In recent years people in New Mexico have mourned the loss of children who have died at the hands of their parents – Albuquerque, too, has seen its share of cases – now an associate professor at The University of New Mexico has found an opportunity to be part of the conversation to help increase healthy child development.
Last year, The City of Albuquerque convened a group of individuals that included city leaders, health professionals and representatives from the New Mexico Children, Youth & Family Department to discuss child maltreatment. UNM’s Family and Child Studies Associate Professor Ryan Kelly attended the initial meeting.
"Here at UNM, we have an incredible platform; what we know helps prevent child maltreatment is providing education ..." - Ryan Kelly, UNM associate professor
He said it centered around understanding what can be done to prevent or intervene with child maltreatment. He said that several discussions lead back to one common theme, education.
“I was sitting in the meeting thinking, ‘What can UNM do?’ he said. “Then I thought, ‘I’m already doing these things,' much of my research is conducted on family violence and here at UNM, we have an incredible platform because we have all of these students who come take courses.”
In Family and Child Studies, one of Kelly’s courses is Marriage and Family Relationships. The course is designed for both majors and non-majors and provides a broad overview of important topics related to marriage and family relationships. Students learn about science as it pertains to healthy romantic relationships, predictors of divorce, and communication skills that improve relationships. Other topics include unintended teen pregnancy, stepfamilies, health and racial disparities, raising children, diversity in marital relationships and overcoming crises in relationships. There is a special emphasis placed on topics related to abuse and neglect including child maltreatment, corporal punishment, sexual assault, parental alcoholism and marital violence.
“Typically, the students who take these courses are minoring or majoring in Family and Child Studies,” Kelly said. “So, my next challenge was to expand what we already know and distribute that material to a larger audience.”
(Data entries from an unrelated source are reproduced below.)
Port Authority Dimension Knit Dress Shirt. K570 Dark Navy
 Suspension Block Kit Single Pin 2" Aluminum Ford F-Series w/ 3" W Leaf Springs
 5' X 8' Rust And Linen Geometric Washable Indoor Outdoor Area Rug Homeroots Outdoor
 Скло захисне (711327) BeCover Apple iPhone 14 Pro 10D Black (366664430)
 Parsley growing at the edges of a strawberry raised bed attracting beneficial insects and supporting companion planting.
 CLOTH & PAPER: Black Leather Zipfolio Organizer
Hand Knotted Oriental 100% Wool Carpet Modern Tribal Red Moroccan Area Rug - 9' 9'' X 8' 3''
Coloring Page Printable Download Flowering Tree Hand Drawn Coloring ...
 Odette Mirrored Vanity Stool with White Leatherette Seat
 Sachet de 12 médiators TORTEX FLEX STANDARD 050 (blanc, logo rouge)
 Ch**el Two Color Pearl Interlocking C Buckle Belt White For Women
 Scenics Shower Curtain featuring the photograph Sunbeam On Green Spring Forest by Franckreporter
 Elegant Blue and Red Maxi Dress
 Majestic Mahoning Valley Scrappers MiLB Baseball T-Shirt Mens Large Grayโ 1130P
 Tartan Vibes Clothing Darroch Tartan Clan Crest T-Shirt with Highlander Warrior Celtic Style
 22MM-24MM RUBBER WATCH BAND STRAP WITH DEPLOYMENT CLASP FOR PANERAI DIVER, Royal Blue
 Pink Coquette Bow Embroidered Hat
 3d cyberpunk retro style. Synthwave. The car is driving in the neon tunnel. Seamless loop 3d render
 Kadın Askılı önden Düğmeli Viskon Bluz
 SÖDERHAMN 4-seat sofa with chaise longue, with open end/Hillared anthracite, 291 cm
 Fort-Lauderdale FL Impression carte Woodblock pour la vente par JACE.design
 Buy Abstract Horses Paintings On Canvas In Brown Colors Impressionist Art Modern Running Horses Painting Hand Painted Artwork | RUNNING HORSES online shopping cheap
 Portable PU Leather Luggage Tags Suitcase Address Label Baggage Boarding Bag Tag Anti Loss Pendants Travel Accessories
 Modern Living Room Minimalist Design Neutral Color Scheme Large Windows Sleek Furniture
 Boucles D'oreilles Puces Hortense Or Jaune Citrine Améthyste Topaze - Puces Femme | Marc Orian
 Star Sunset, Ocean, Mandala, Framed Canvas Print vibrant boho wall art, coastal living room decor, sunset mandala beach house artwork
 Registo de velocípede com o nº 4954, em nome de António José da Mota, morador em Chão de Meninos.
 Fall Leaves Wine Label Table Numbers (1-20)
The answer? Kelly spent the last year transforming the class into a general education course at UNM. The University gave final approval in May. Being an introductory level course, Kelly said students don’t have to have any experience or prior training related to any of these topics.
“I started looking at all available GE courses and very few were related to the well-being of children. Very little placed a special emphasis on child maltreatment or family violence,” Kelly said. “Yet, this is something that affects all of us.”
He’s still in the process of making minor adjustments to the course to fit the broader range of students, rather than students who are immersed in Family and Child Studies.
“Now, we’re saying this information isn’t just relevant for students minoring and majoring in Family and Child Studies; it’s important for everyone,” Kelly said.
Kelly stresses the importance of prevention, something he believes this course can provide.
“We have to start having these science-based conversations with our students 10 years before they ever become parents,” Kelly said. “What we know helps prevent child maltreatment is providing education. Many of our students are between the ages of 18 to 25, so, if we can provide them this information now, it can be beneficial not only to their own families, but useful in understanding policies that prevent maltreatment and it could possibly help them find career field.”
Kelly said one of his goals is to expose students to this line of work and the variety of job opportunities.
“We need lots of help when it comes to this topic and maybe taking this course will expose them to an entire field they never even considered,” he said.
According to Kelly, his research shows the majority of parents admit they’ve never had any formal education when it comes to parenting. He said it is common for parents to inherit practices based on tradition.
“We have journal articles coming out every day, around the world, from these leading research labs about topics that include, ‘What predicts healthy child development?’ Kelly said. “We have a really good idea about what predicts that. That in itself can help impact the ways we interact with children at home.”
Kelly said he hopes after taking this course, students become more educated on what predicts healthy child development and the methods that decrease rates of child maltreatment.
“Probably one of the most important things we’ll do in life is raise our children,” Kelly said. “We don’t really receive much education about this topic, yet we have a whole science dedicated to it. Moving forward we’re going to do a better job to make sure that the science is available to all students passing through UNM.”